§ **Exercise description**:
After finding the line with "Full clip địt" in the entries below, copy that line and each one after it exactly, through the last line, and omit pictures.

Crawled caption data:
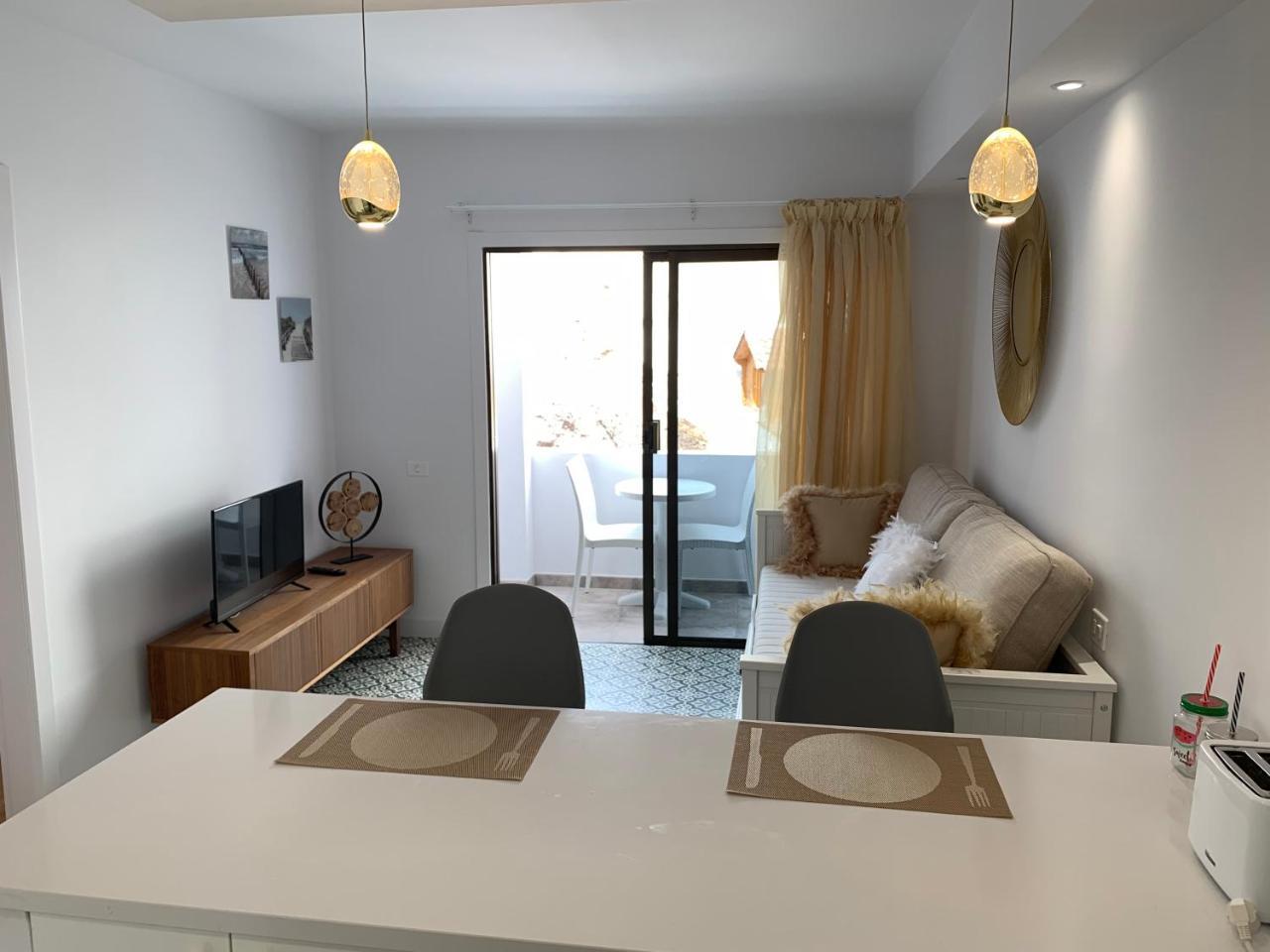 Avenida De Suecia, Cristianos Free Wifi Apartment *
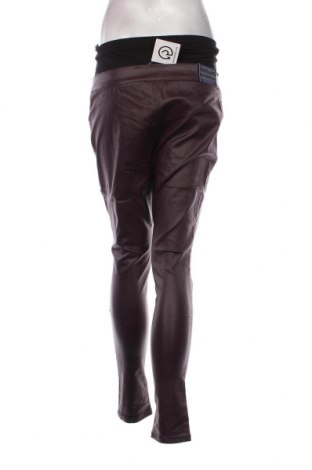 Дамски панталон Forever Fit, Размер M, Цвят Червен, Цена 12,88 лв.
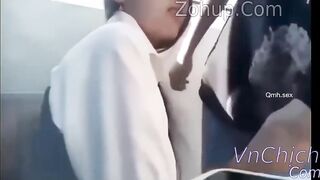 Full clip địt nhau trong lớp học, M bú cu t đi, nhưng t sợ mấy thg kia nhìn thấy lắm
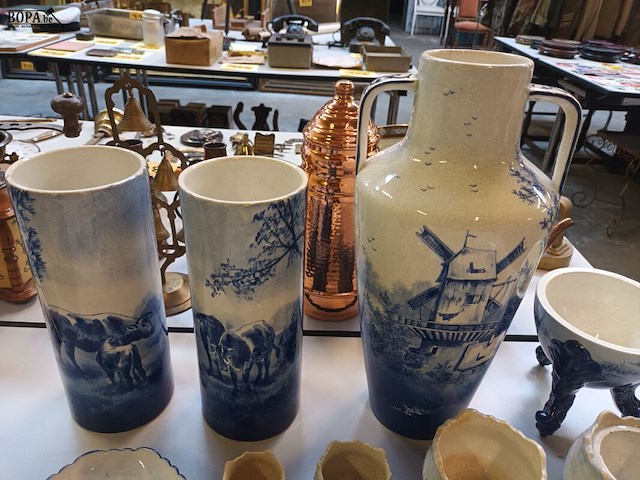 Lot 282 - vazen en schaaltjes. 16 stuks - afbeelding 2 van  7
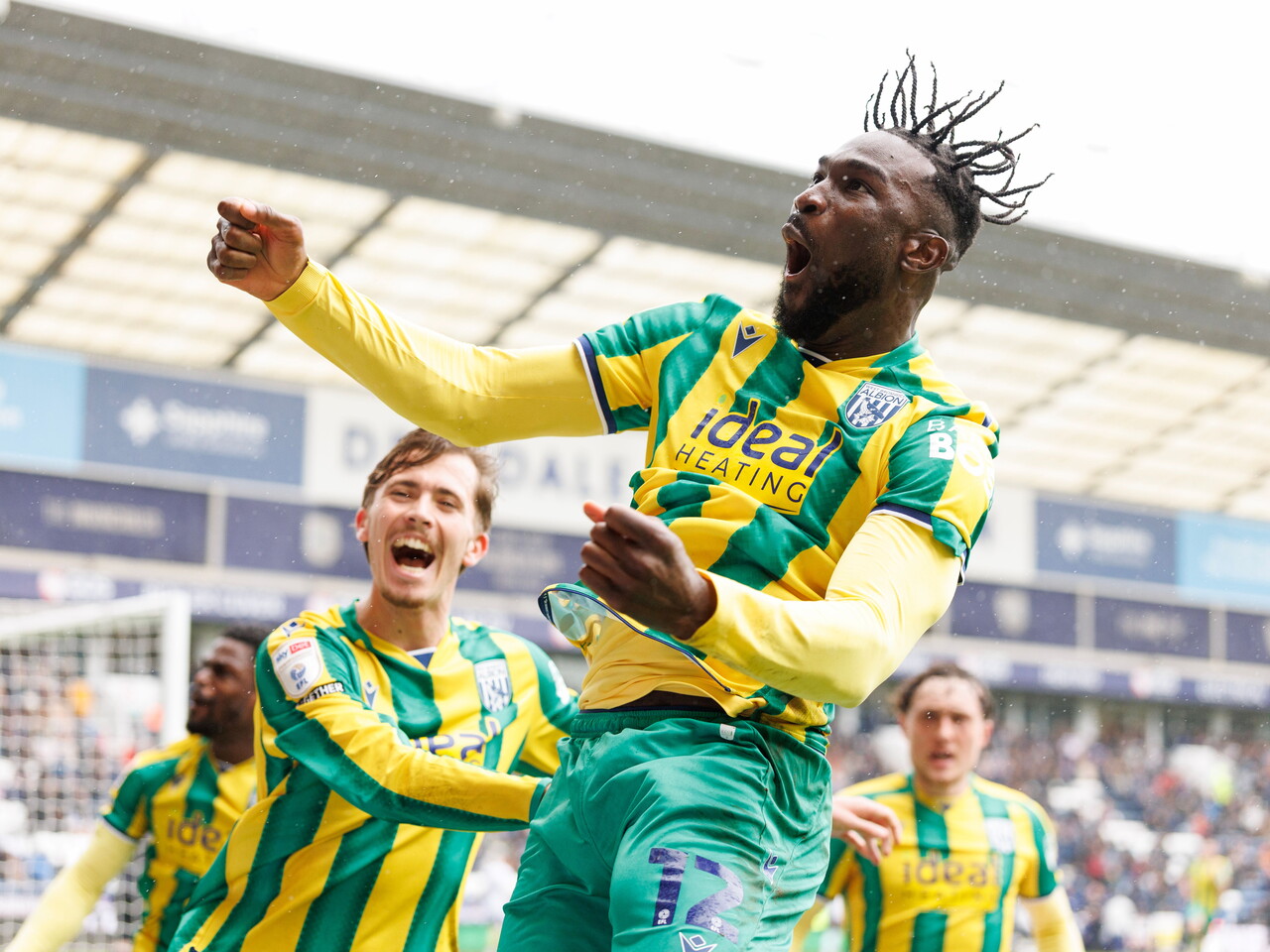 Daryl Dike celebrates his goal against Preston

§ **Response area**:
 Full clip địt nhau trong lớp học, M bú cu t đi, nhưng t sợ mấy thg kia nhìn thấy lắm
 Lot 282 - vazen en schaaltjes. 16 stuks - afbeelding 2 van  7
 Daryl Dike celebrates his goal against Preston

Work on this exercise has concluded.